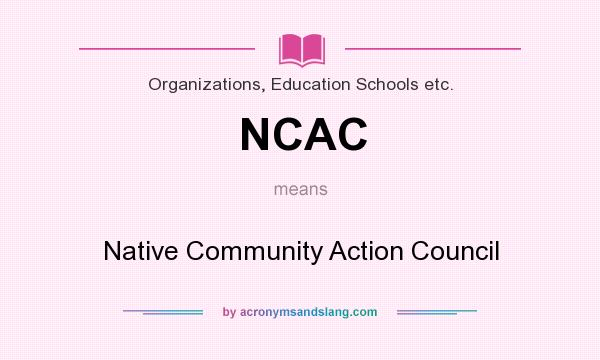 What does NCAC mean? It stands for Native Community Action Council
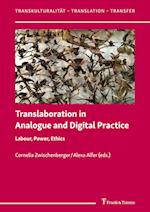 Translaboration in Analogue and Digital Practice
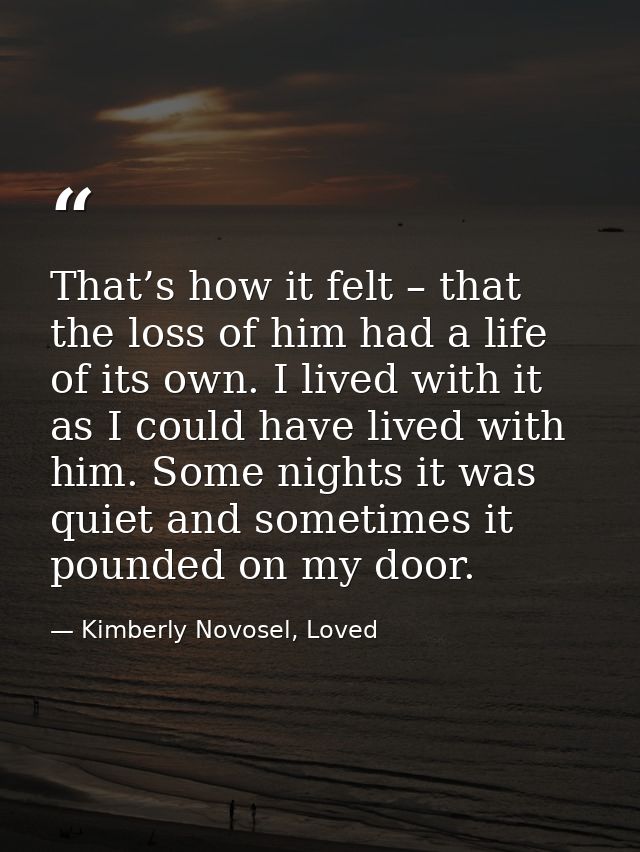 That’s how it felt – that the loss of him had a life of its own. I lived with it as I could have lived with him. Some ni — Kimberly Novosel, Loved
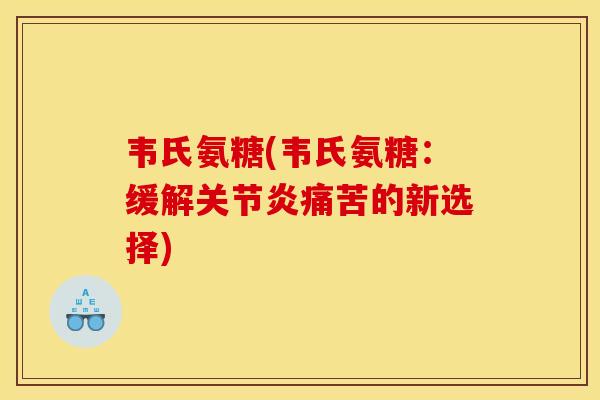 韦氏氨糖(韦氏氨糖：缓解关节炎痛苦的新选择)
────────────────────
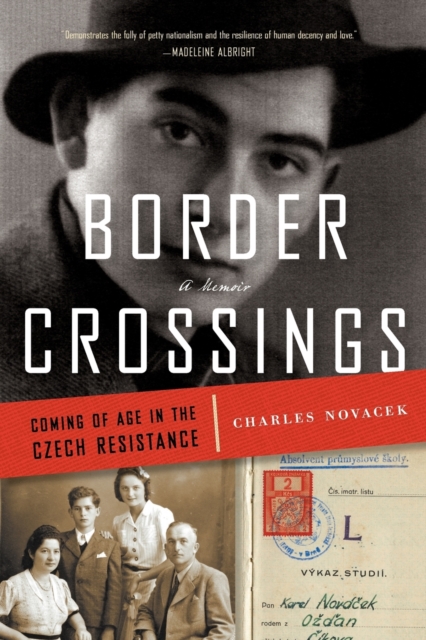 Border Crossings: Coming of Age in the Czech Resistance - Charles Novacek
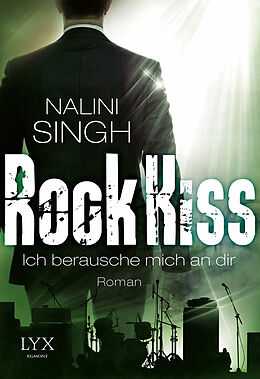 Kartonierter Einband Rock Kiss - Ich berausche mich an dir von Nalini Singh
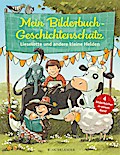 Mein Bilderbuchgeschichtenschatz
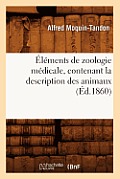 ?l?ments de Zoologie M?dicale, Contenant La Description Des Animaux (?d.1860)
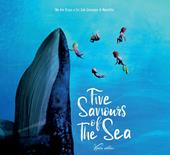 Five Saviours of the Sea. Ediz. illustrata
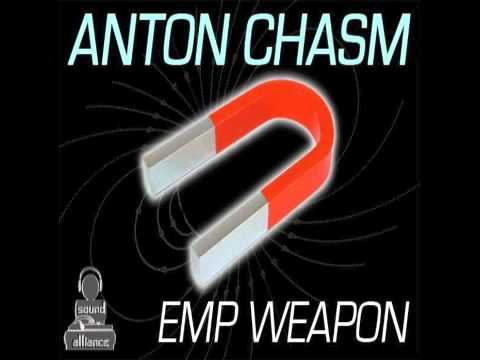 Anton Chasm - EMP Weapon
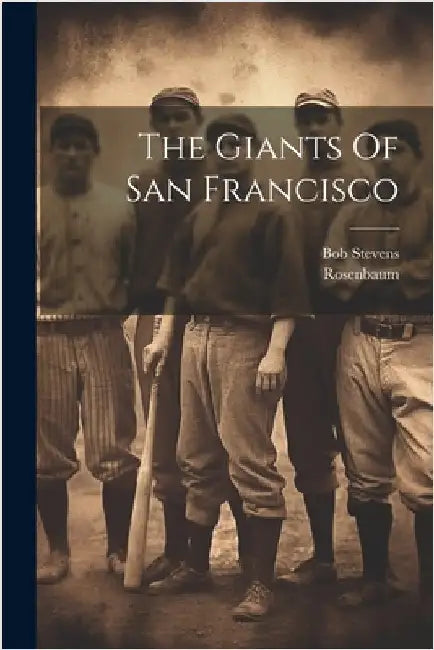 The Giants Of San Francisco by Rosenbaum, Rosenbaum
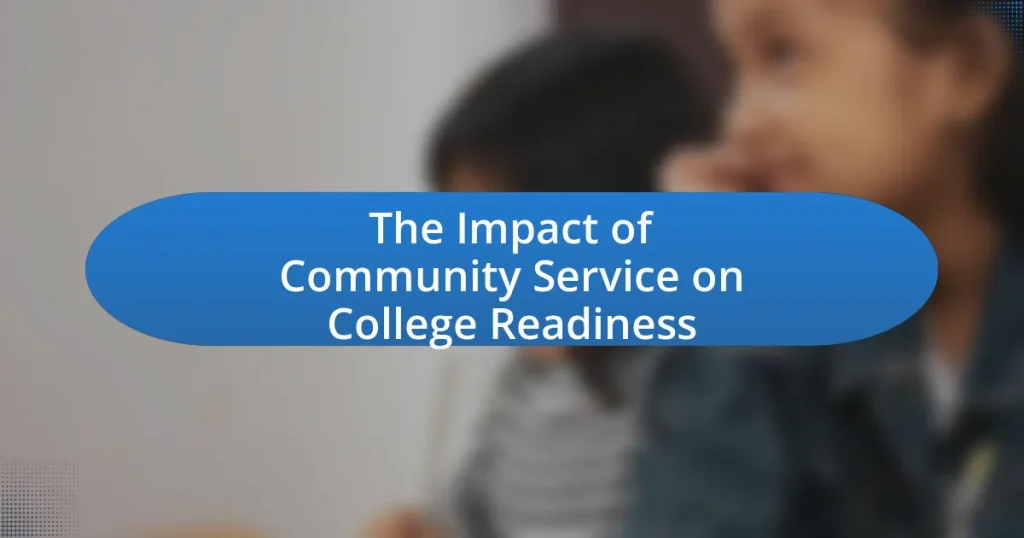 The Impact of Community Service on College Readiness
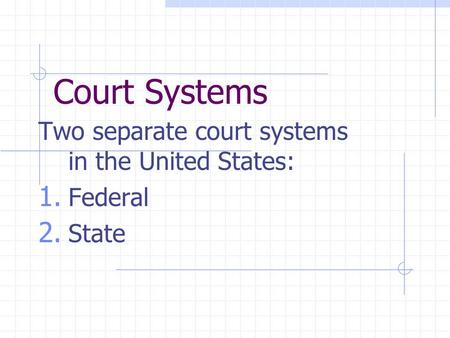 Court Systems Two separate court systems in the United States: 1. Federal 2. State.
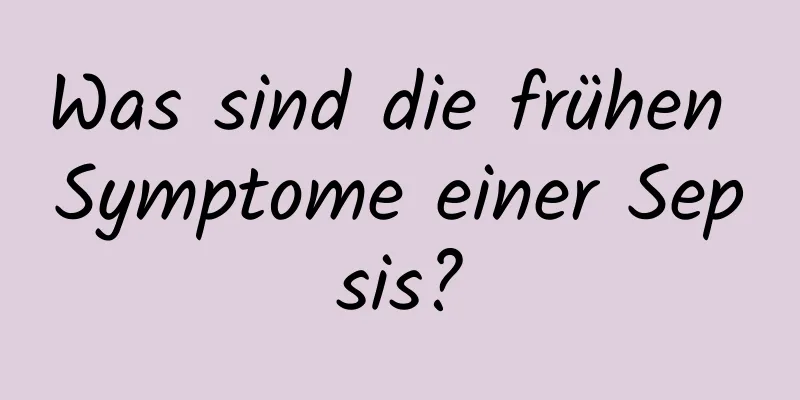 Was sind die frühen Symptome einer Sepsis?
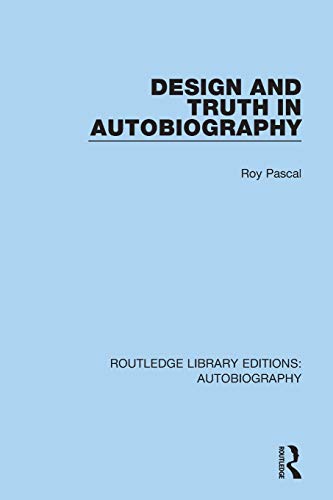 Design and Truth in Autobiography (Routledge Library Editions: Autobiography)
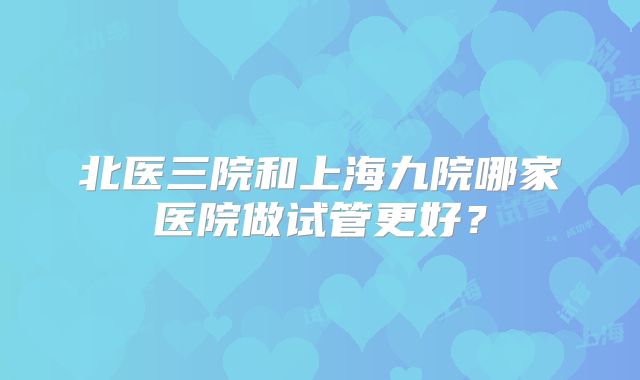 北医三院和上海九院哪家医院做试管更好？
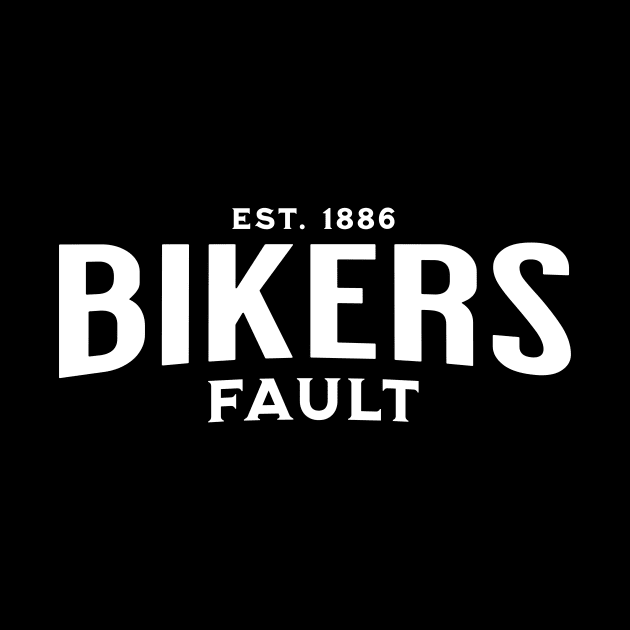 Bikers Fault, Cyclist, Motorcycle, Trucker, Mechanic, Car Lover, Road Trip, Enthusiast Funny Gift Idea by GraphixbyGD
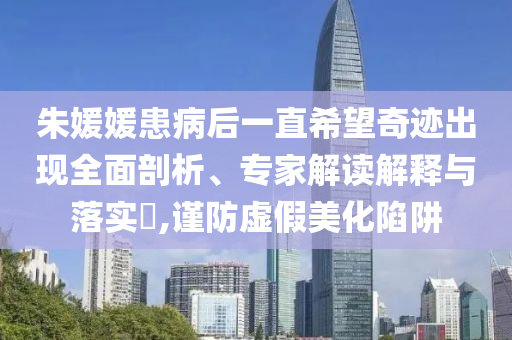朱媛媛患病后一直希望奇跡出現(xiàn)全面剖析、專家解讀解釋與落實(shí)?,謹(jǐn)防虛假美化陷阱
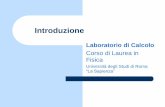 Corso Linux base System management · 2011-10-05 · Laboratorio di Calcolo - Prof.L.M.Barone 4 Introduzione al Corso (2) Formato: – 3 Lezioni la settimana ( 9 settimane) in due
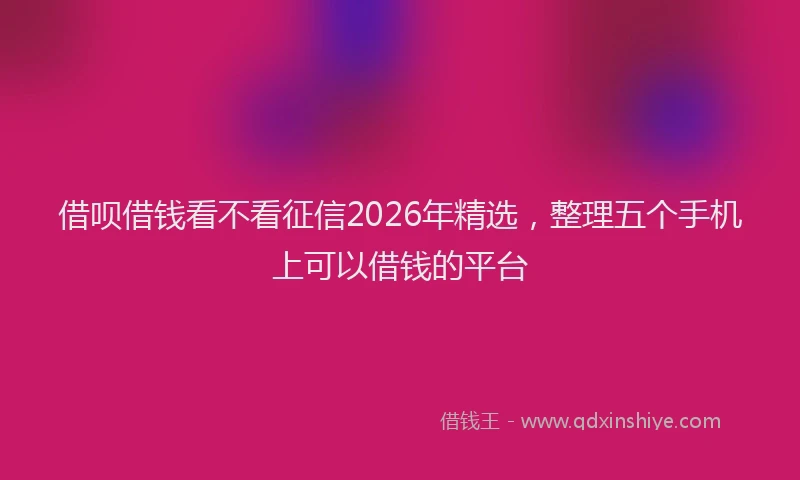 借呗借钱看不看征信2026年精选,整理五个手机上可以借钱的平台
────────────────────
Starting with the line above that holds "Translaboration in Analogue", restate each line word for word up to and including the line that holds "韦氏氨糖(韦氏氨糖：缓解关节炎痛苦的新选择)". Drop the pictures.

**Response to this exercise:**
 Translaboration in Analogue and Digital Practice
 That’s how it felt – that the loss of him had a life of its own. I lived with it as I could have lived with him. Some ni — Kimberly Novosel, Loved
 韦氏氨糖(韦氏氨糖：缓解关节炎痛苦的新选择)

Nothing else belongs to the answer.